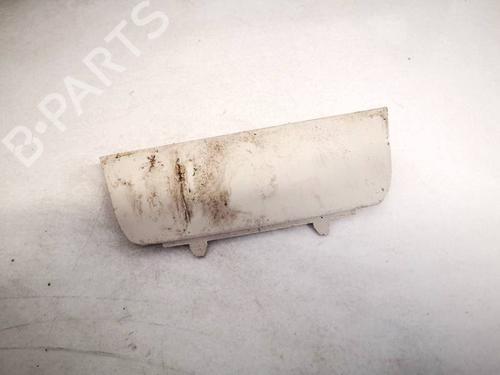 other-mercedes-benz-a-class-w169-2004-2005-2006-2007-2008-2009-2010-2011-2012-35334573 main image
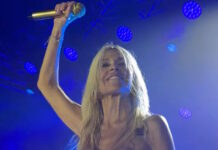 anna vissi 1200x630.jpg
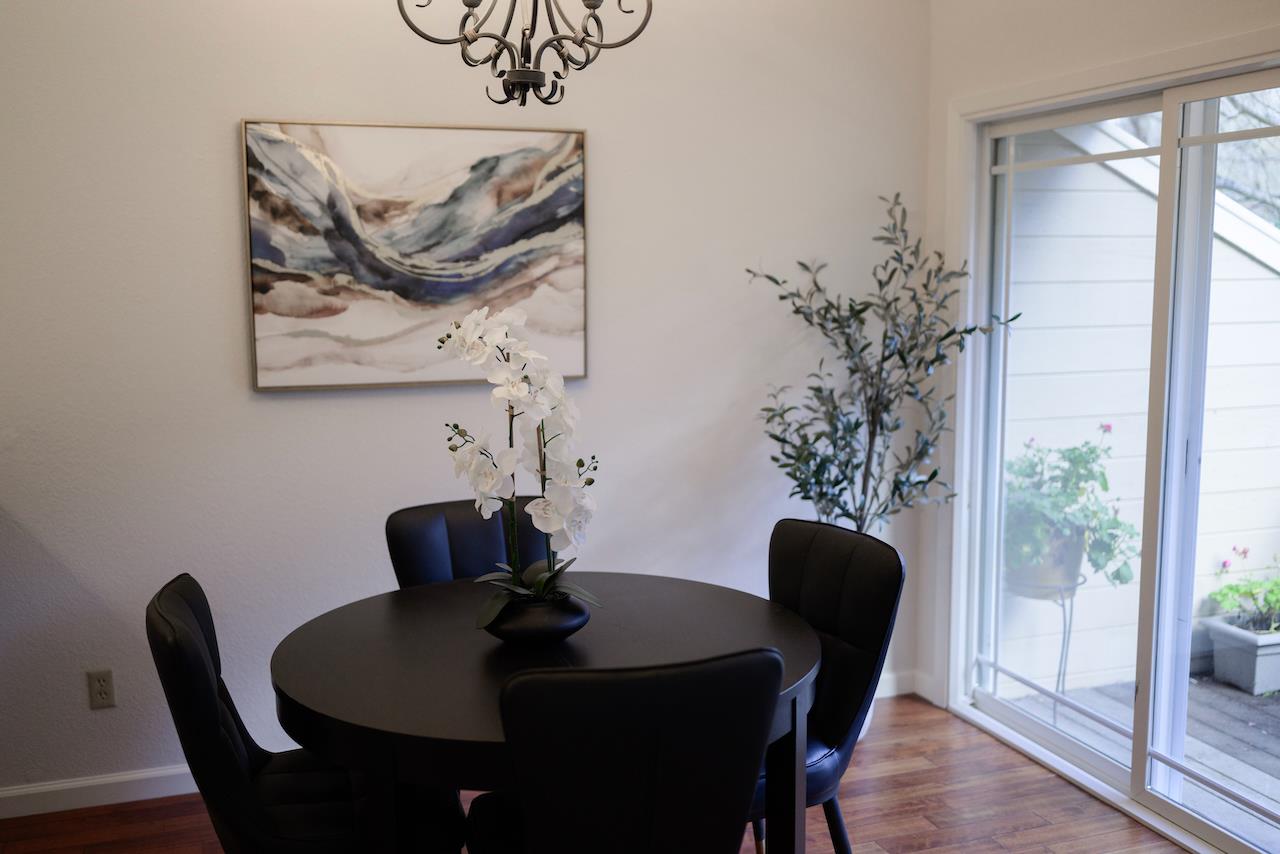 Detail Gallery Image 13 of 82 For 132 Arabian Way, Scotts Valley,  CA 95066 - 3 Beds | 2 Baths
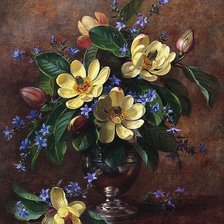 Альберт вильямс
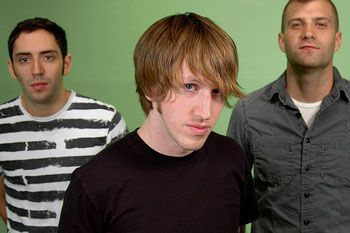 Spitalfield Announces 10 Year Anniversary Tour for “Remember Right Now”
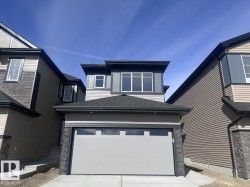 17228 5 Street NW Edmonton, AB T5Y 6G4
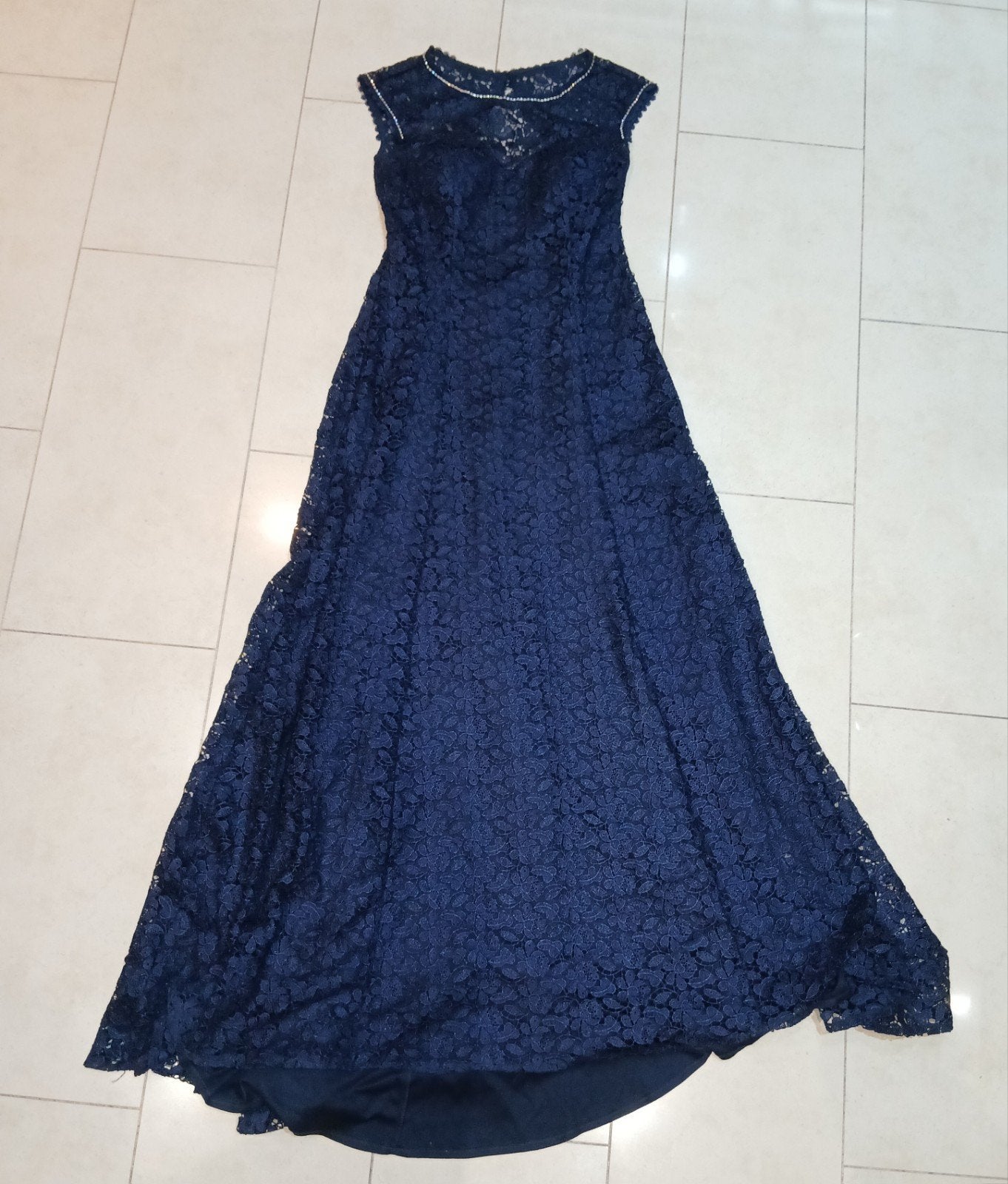 Robe de soirée, Kleding | Dames, Ophalen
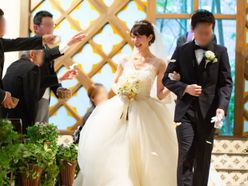 fgk_wdさんの画像1枚目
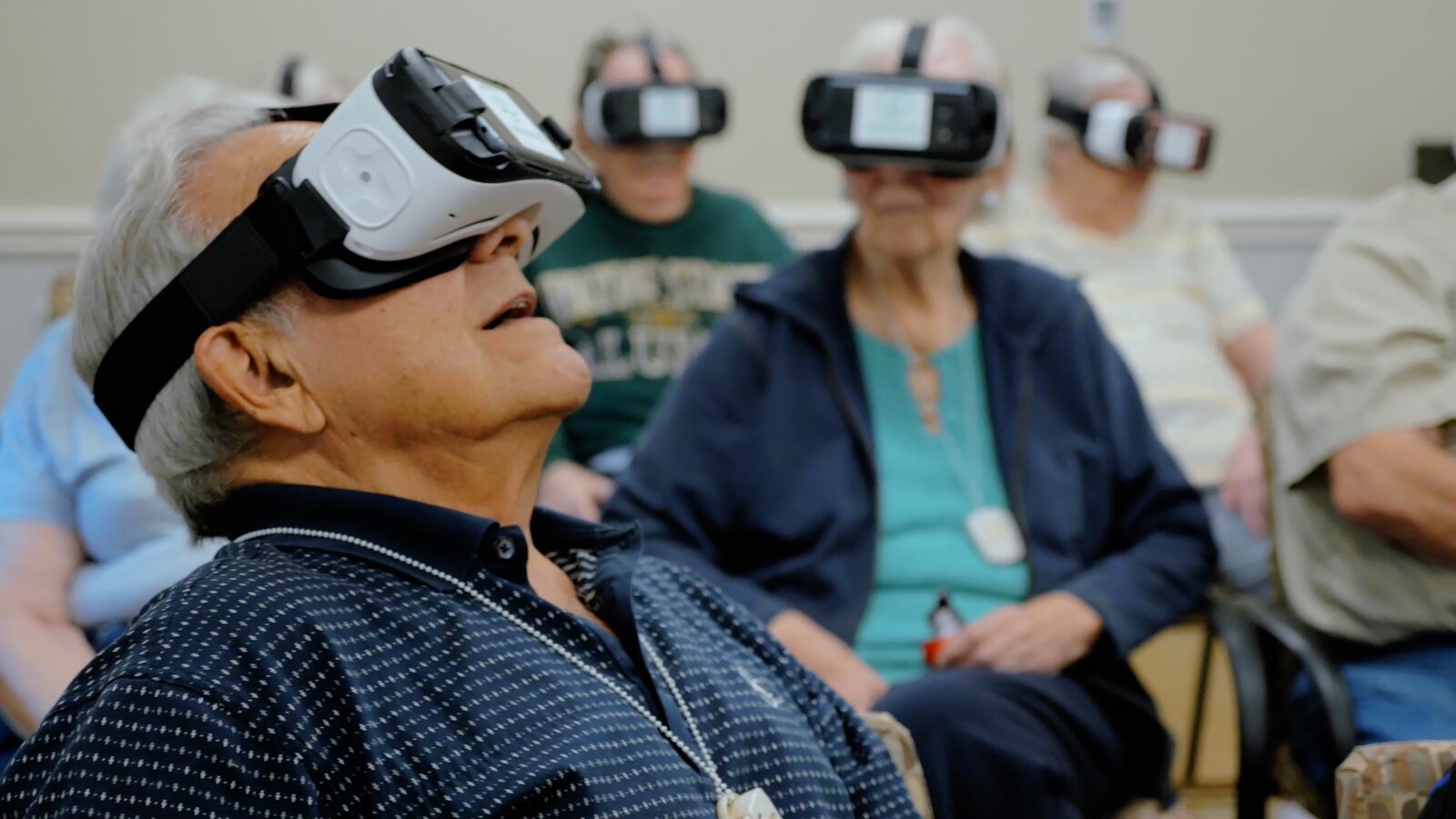 vr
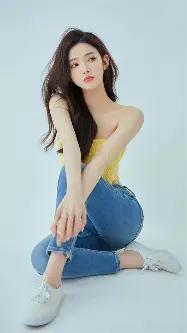 曼联首周阿,莫林亮相,尽显独特魅,B体育官网,B体育直播,体育赛事直播,足球直播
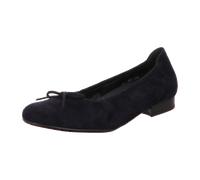 Semler Fabia für Damen, blau, Größe 42 ½ EU / 8,5 UK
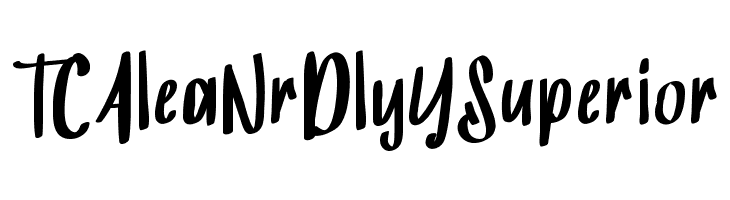 Burning Sun Demo  Free Fonts Download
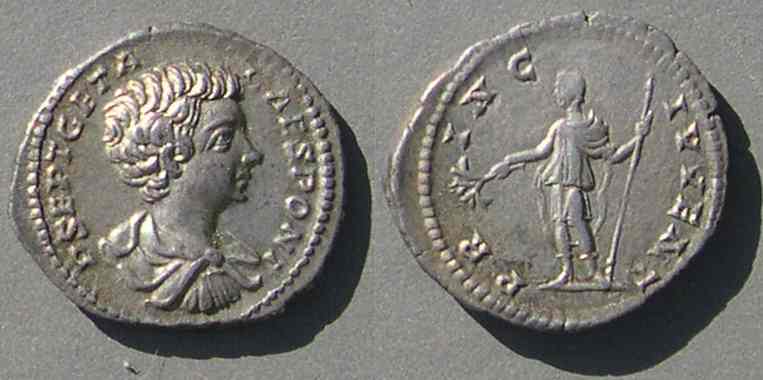 GetaP6326.jpg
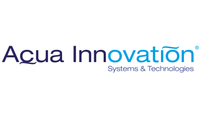 Aqua Innovation GmbH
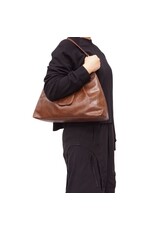 Karell Hobo - Brown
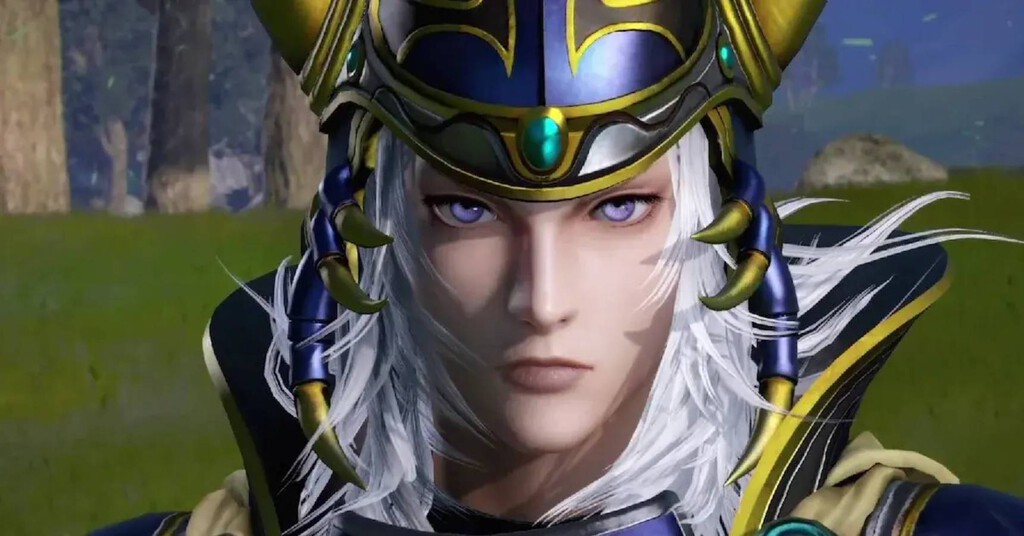 “Tiene un potencial increíble para expandirse”: fans de Final Fantasy eligen el juego que más se merece un remake de toda la saga 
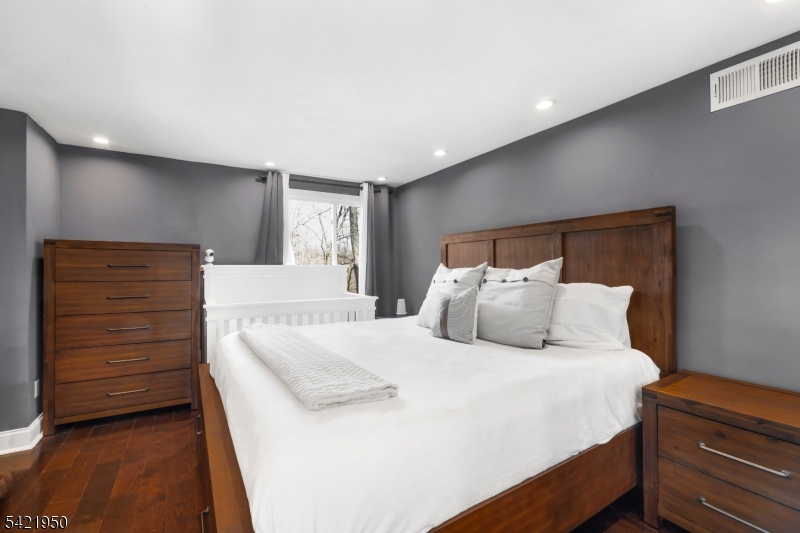 Hidden Village - Residential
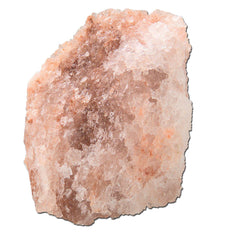ROCK HALITE ROCK SALT 10/PK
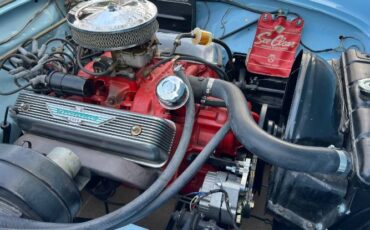 Ford-Thunderbird-1957-Star-Mist-BlueWimbl-11
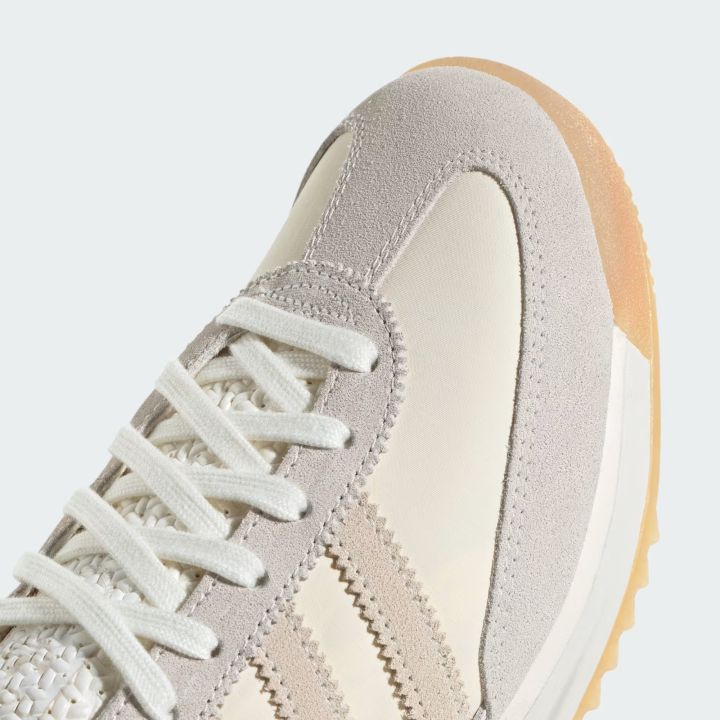 Adidas%20SL72%20RS%20Shoes%20For%20Men%20(JH5100)%20-%20Image%204
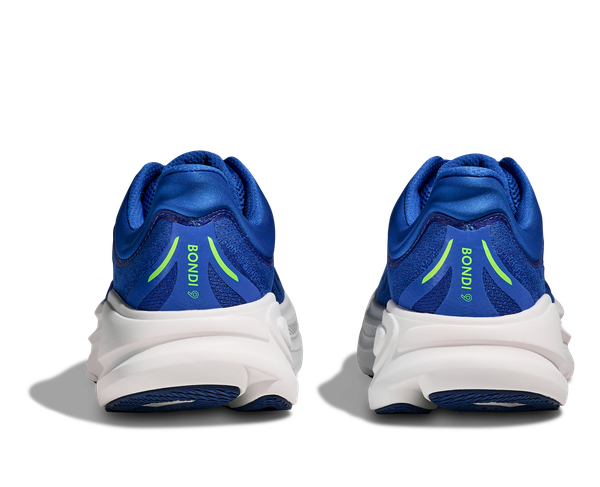 RunFree product image 5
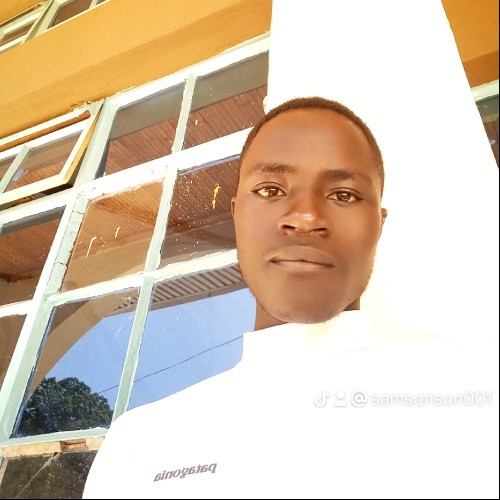 Obara s. profile photo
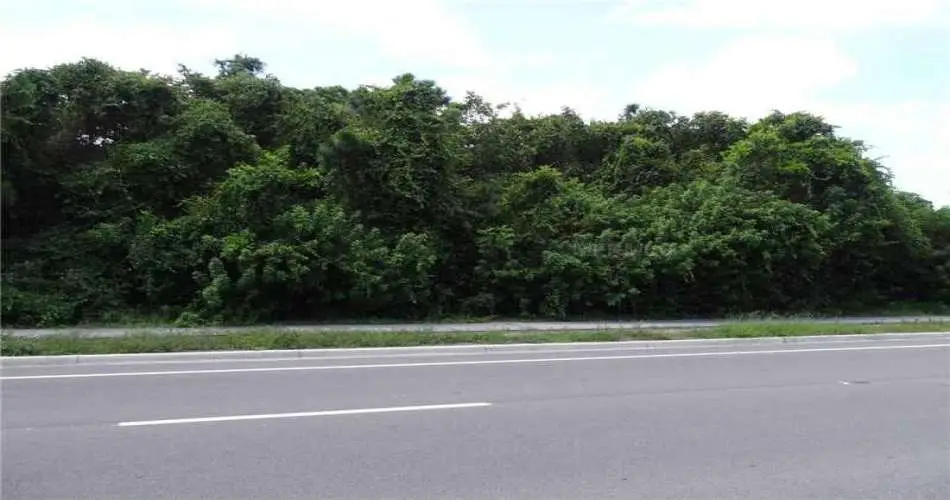 1000 S Almansor St, Alhambra, California 91801, ,Vacant land,For sale,S Almansor St,M5838583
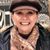 Barbara Prather Stanley's profile image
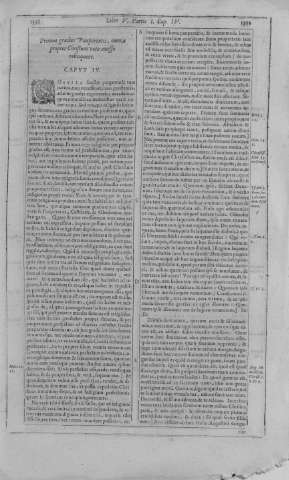 1391-1392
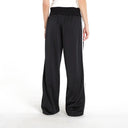 ADIDAS SMOCKED FIREBIRD - SPODNIE DRESOWE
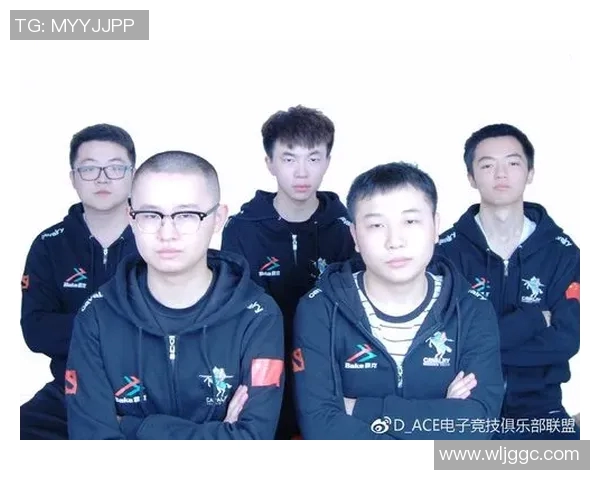 DOTA2最新技术排行榜揭晓LNG战队荣登第八位引发热议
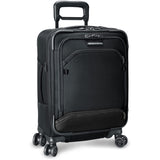 Briggs & Riley Transcend Domestic Carry On Spinner
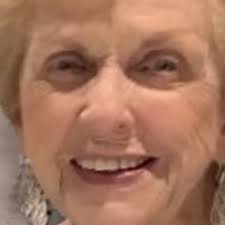 Anne O'Shea Obituary (1937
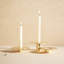 Candle Holder-423803874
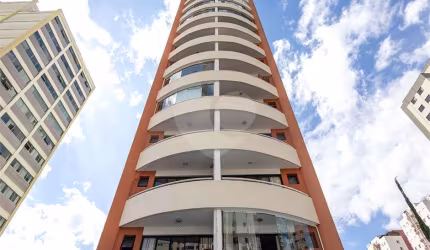 Apartamento com 3 quartos à venda em Vila Leopoldina - SP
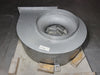 LETOURNEAU Blower 423-6738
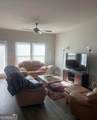 6173 Redan Overlook - Photo 5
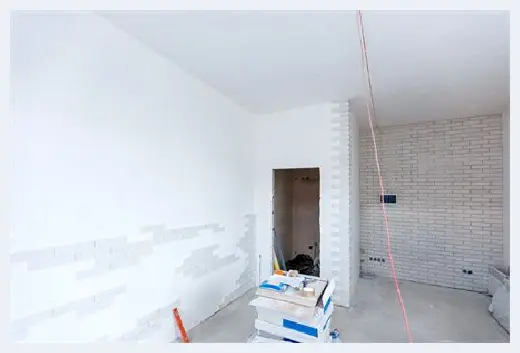 自建房常识 | 墙面批砂浆多少钱一平方？看完收获颇丰 | 自建房常识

#####

A word-for-word reprint of the listing above is needed, minus the pictures.

Answer space:
 other-mercedes-benz-a-class-w169-2004-2005-2006-2007-2008-2009-2010-2011-2012-35334573 main image
 anna vissi 1200x630.jpg
 Detail Gallery Image 13 of 82 For 132 Arabian Way, Scotts Valley,  CA 95066 - 3 Beds | 2 Baths
 Альберт вильямс
 Spitalfield Announces 10 Year Anniversary Tour for “Remember Right Now”
 17228 5 Street NW Edmonton, AB T5Y 6G4
 Robe de soirée, Kleding | Dames, Ophalen
 fgk_wdさんの画像1枚目
 vr
 曼联首周阿,莫林亮相,尽显独特魅,B体育官网,B体育直播,体育赛事直播,足球直播
 Semler Fabia für Damen, blau, Größe 42 ½ EU / 8,5 UK
 Burning Sun Demo  Free Fonts Download
 GetaP6326.jpg
 Aqua Innovation GmbH
 Karell Hobo - Brown
 “Tiene un potencial increíble para expandirse”: fans de Final Fantasy eligen el juego que más se merece un remake de toda la saga 
 Hidden Village - Residential
ROCK HALITE ROCK SALT 10/PK
 Ford-Thunderbird-1957-Star-Mist-BlueWimbl-11
 Adidas%20SL72%20RS%20Shoes%20For%20Men%20(JH5100)%20-%20Image%204
 RunFree product image 5
 Obara s. profile photo
 1000 S Almansor St, Alhambra, California 91801, ,Vacant land,For sale,S Almansor St,M5838583
 Barbara Prather Stanley's profile image
 1391-1392
 ADIDAS SMOCKED FIREBIRD - SPODNIE DRESOWE
 DOTA2最新技术排行榜揭晓LNG战队荣登第八位引发热议
 Briggs & Riley Transcend Domestic Carry On Spinner
 Anne O'Shea Obituary (1937
 Candle Holder-423803874
 Apartamento com 3 quartos à venda em Vila Leopoldina - SP
 LETOURNEAU Blower 423-6738
 6173 Redan Overlook - Photo 5
 自建房常识 | 墙面批砂浆多少钱一平方？看完收获颇丰 | 自建房常识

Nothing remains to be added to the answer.